Stan model does not contain samples

Now I have create a stan file named as moments.stan .The stan file is syntactically correct , but when I run the R software , Stan model ‘moments’ does not contain samples. What I should do ?Thank you so much.

Hi @xiaodi321,

This can happen for many reasons so it would be best if you could share the Stan model and small reproducible example. In this way, we can help you figure out what the problem is.

Cheers

Ok,thank you a lot . I hope you can give me some uesful advices.
My main is to estimate the beta using generalized methods of moment.

Thank you very much@tiagocc ,I want to know that is there an error in using the stan function in the R program. The parameter I want to estimate is the vector beta,so are there any questions?

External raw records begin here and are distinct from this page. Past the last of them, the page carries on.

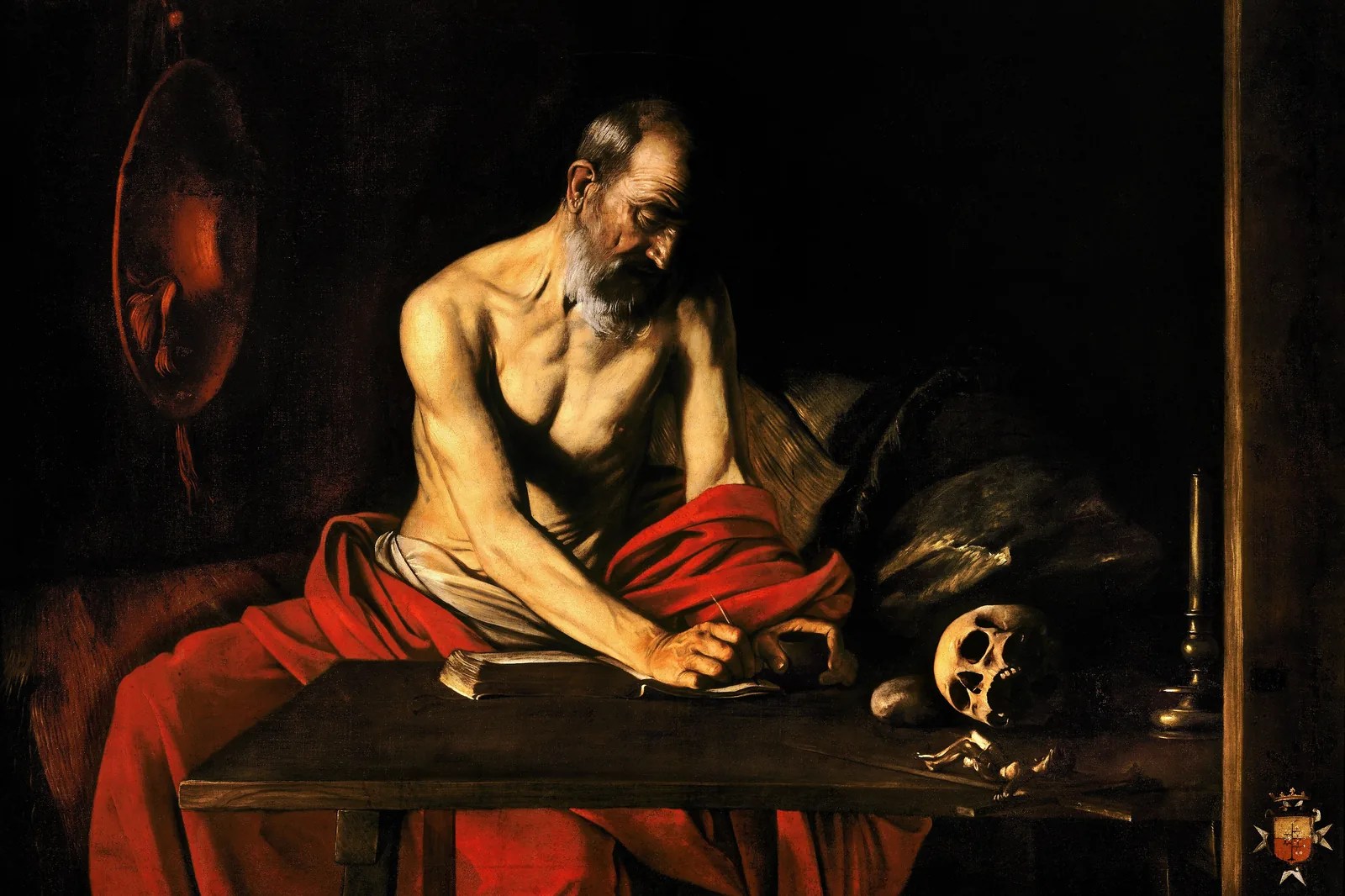 Caravaggio's Saint Jerome Writing: an old man in a red cloth bent over a desk, a skull beside his papers, in a dark room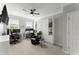 Spacious bedroom with neutral carpet, built-in storage, ceiling fan, and desk for a functional workspace at 4388 Cades Pointe, Marietta, GA 30066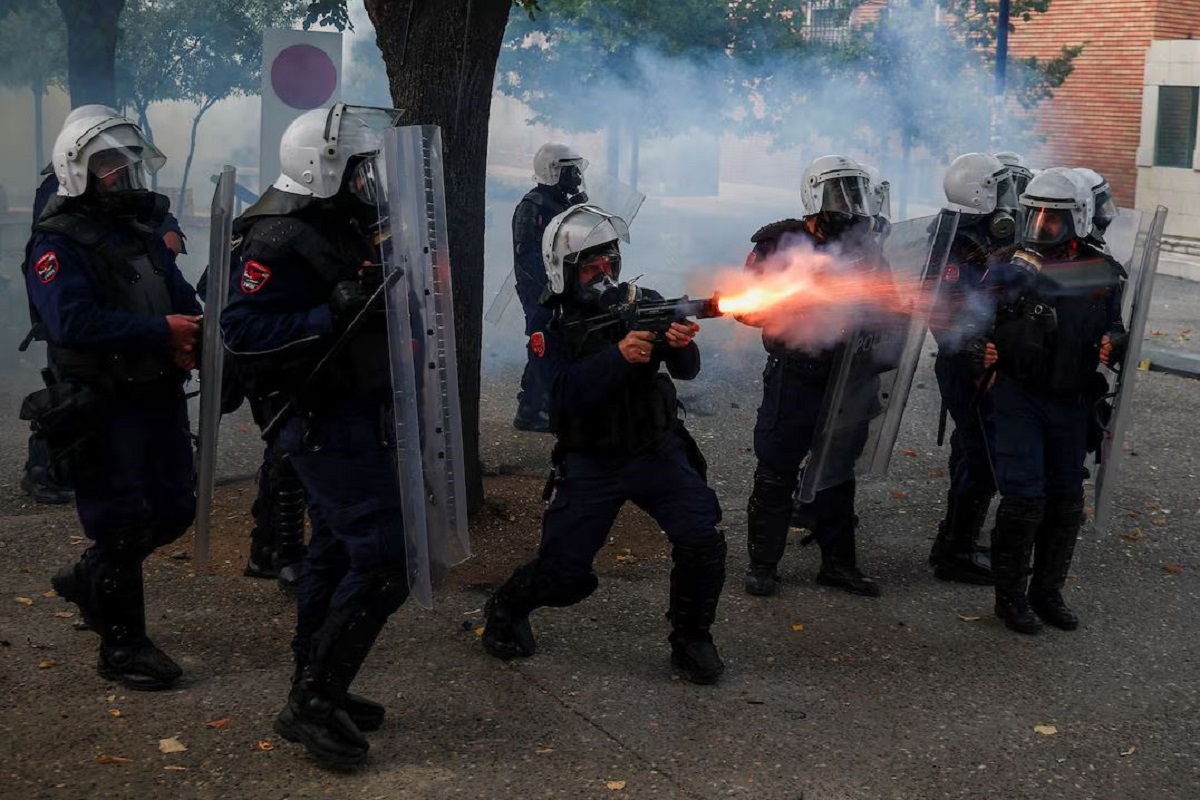 Αστυνομικός εκτοξεύει δακρυγόνα κατά τη διάρκεια συγκρούσεων με διαδηλωτές στα Τίρανα της Αλβανίας, την Πέμπτη (15/10), εν μέσω των αντικυβερνητικών φοιτητικών κινητοποιήσεων. (Φωτογραφία: REUTERS/Florion Goga)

Your inits function does not return anything. It should return a named list, so you can correct it to

inits <- function(){
  list(beta = beta_init0)
}

I am so sorry .I made a great mistake ,thank you so much @jtimonen.Futhermore ,when I try it ,there is also the same result.

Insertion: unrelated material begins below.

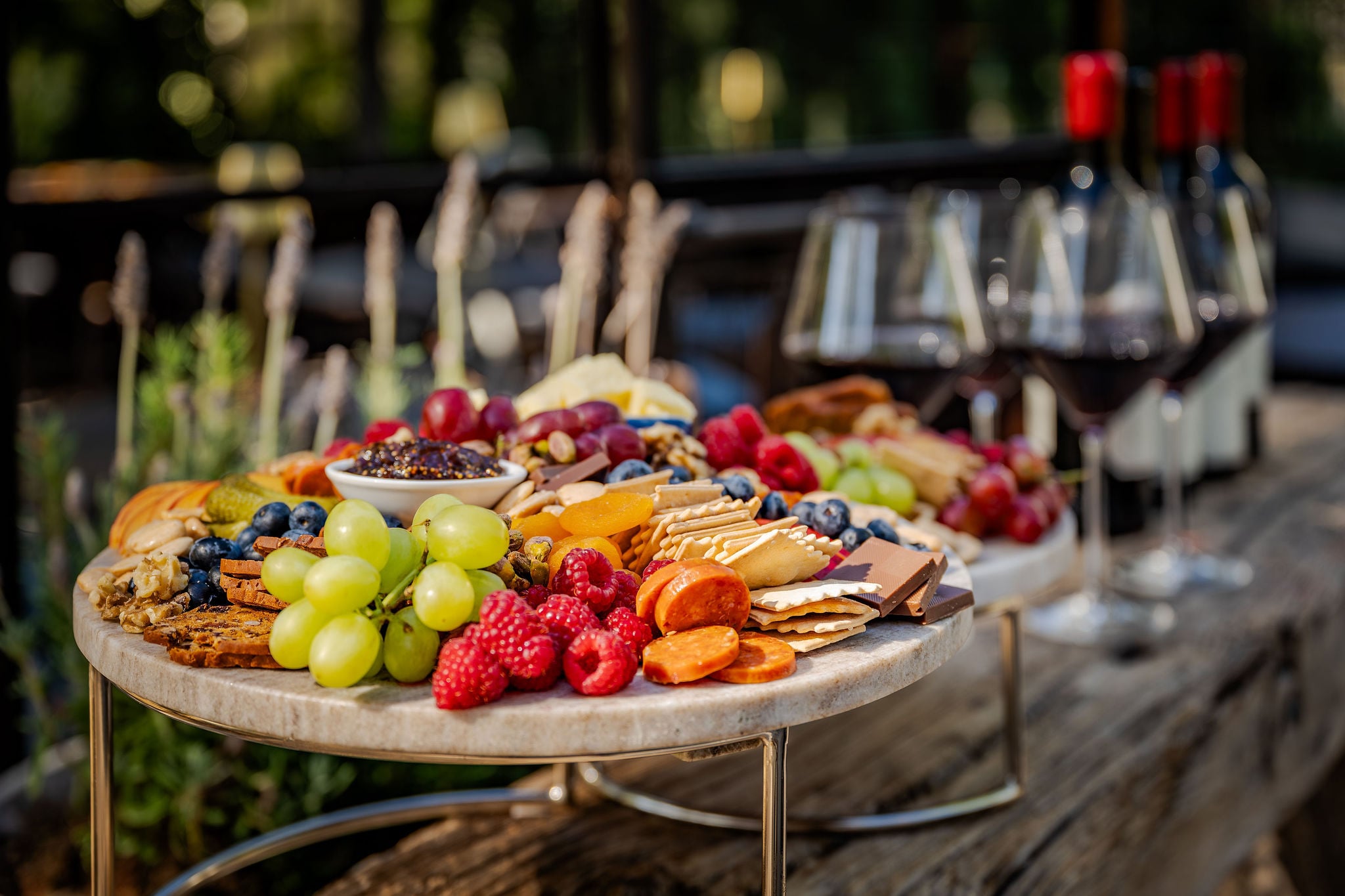 A charcuterie board with fruit, cheese, and glasses of local red wine at The Polo House Aperitif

There is warning message :“Log probability evaluates to log(0), i.e. negative infinity.”,what I should do ?
Thank you very much.

You had

  cov_onepart =rep_matrix(0,p,p);
  for (i in 1:n){
    tm=col(m,i);
    cov_onepart_o +=tm*tm';
  }

and cov_onepart_o was not set to any value. I think you should have

  cov_onepart_o =rep_matrix(0,p,p);
  for (i in 1:n){
    tm=col(m,i);
    cov_onepart_o +=tm*tm';
  }

I am so carelessness,thank you for your help .Now I have solve the problem.

bhm_5rp_JL.stan (18.3 KB)
twin_bhm_JL.R (2.1 KB)

Hi there,

I receive the following error messages when I run the stan and R files attached:

Stan model ‘anon_model’ does not contain samples.

And in the progress window I get:

Chain 1: Rejecting initial value:
Chain 1: Log probability evaluates to log(0), i.e. negative infinity.

Can someone please advise?

Thanks in advance!

With such a complex model, this is not something that is going to be easy for an external user to debug. The best approach here is to either start with a simpler model and iteratively add complexity until you encounter the issue, or add print("lp = ", target()) statements at various points in your model to identify the section of the code where the log-probability evaluates to log(0)

Thank you! That makes sense. I’ll give that a try.